EDITORIAL

Crecimiento sin desarrollo

Se sabe -y hasta algunos voceros del oficialismo lo admiten- que en los últimos años la Argentina ha crecido a tasas muy buenas pero no ha resuelto los desafíos del desarrollo. Países como los nuestros, dotados de excelentes recursos naturales, suelen atravesar por ciclos de crecimiento excepcionales, ciclos que establecen un piso básico en el desenvolvimiento de la sociedad. El problema se presenta cuando se pretende ir más allá, hacia un desarrollo sostenido, integrado, que mejore la calidad de vida de la sociedad.

 

Como es de dominio público, el crecimiento argentino de los últimos años se ha debido fundamentalmente a tres factores: la brutal devaluación promovida por Duhalde, la inversión en infraestructura realizada en la década del noventa y los precios excepcionales de los commodities, muy en particular la soja, el subestimado “yuyo” del discurso oficial. Pues bien, hoy todo sugiere que ese ciclo triunfalista tocó su límite y que en el futuro inmediato nos aguardan situaciones más complicadas.
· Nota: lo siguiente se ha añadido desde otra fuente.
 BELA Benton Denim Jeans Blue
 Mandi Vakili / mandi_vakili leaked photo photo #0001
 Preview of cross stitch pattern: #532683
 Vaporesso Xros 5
Políticos oficialistas y opositores coinciden en admitir que en la Argentina la asignatura del desarrollo sigue pendiente. Se crece, pero el desarrollo requiere un conjunto de condiciones económicas, culturales y políticas que hasta el momento no se han articulado. Según los informes internacionales, la Argentina es un país de ingresos medianos provenientes mayoritariamente de las exportaciones. La disponibilidad de estos recursos nos permite salir de la pobreza extrema, pero no garantizan avanzar por el camino del desarrollo con Congresos comparables a los de Europa o los Estados Unidos. O protagonizando experiencias como las que han promovido en las últimas décadas países como Corea del Sur o Japón.
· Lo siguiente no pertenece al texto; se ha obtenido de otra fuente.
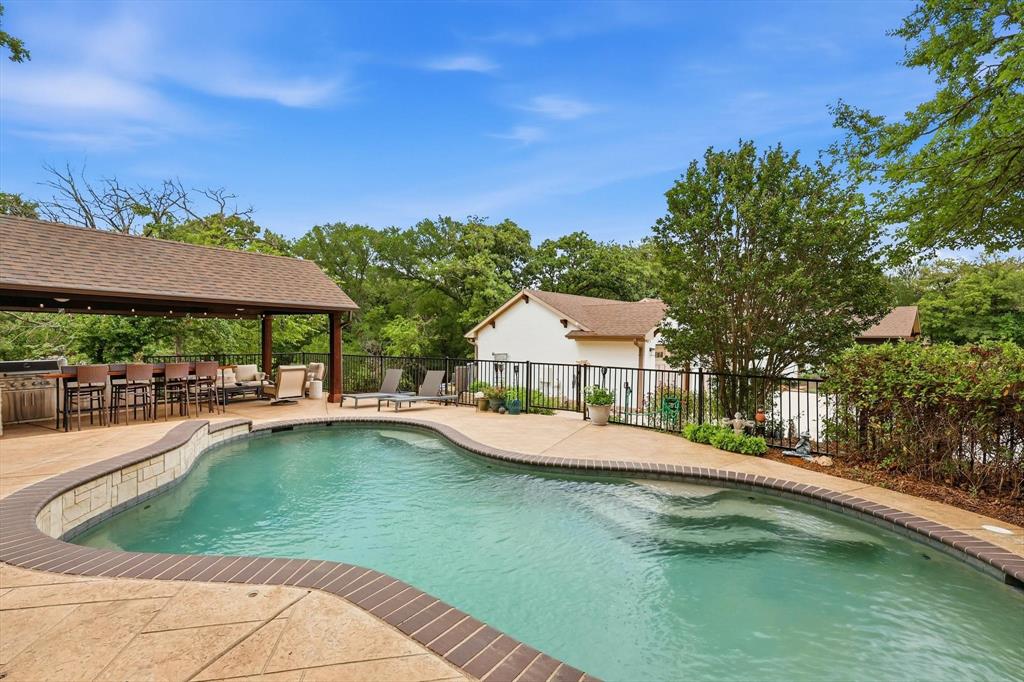 Shadylane Estates - Residential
Para desarrollarnos hace falta una decisión política que aliente la movilización de millones de personas, no hacia la agitación o la protesta, sino hacia la productividad y la capacitación para adaptarse a situaciones cambiantes. Estas son tareas que deberá hacer la sociedad, pero sin los estímulos de un sistema político comprometido con esa dirección no es mucho lo que se puede hacer.

La Argentina creció en los últimos años, pero las soluciones que pudieron ser eficaces en 2003, ahora no alcanzan. A estos desafíos los países asiáticos -China y Japón, por ejemplo- los han resuelto impulsando una profunda y exigente reforma educativa, en primer lugar, y promoviendo un actor social que anteponga los deberes a los derechos.

El desarrollo exige un Estado de derecho confiable y creíble, con instituciones sólidas y abiertas, pero por sobre todas las cosas, reclama de una clase dirigente y una sociedad que estén decididas a recorrer esa senda. No hay desarrollo sin una capacitación de los recursos humanos en esa dirección. Esa es la enseñanza de los llamados “tigres asiáticos”, lección no muy diferente a la que aplicaron en su momento países como Canadá, Australia y Nueva Zelanda, países a los que hace un siglo aventajábamos en el ranking mundial.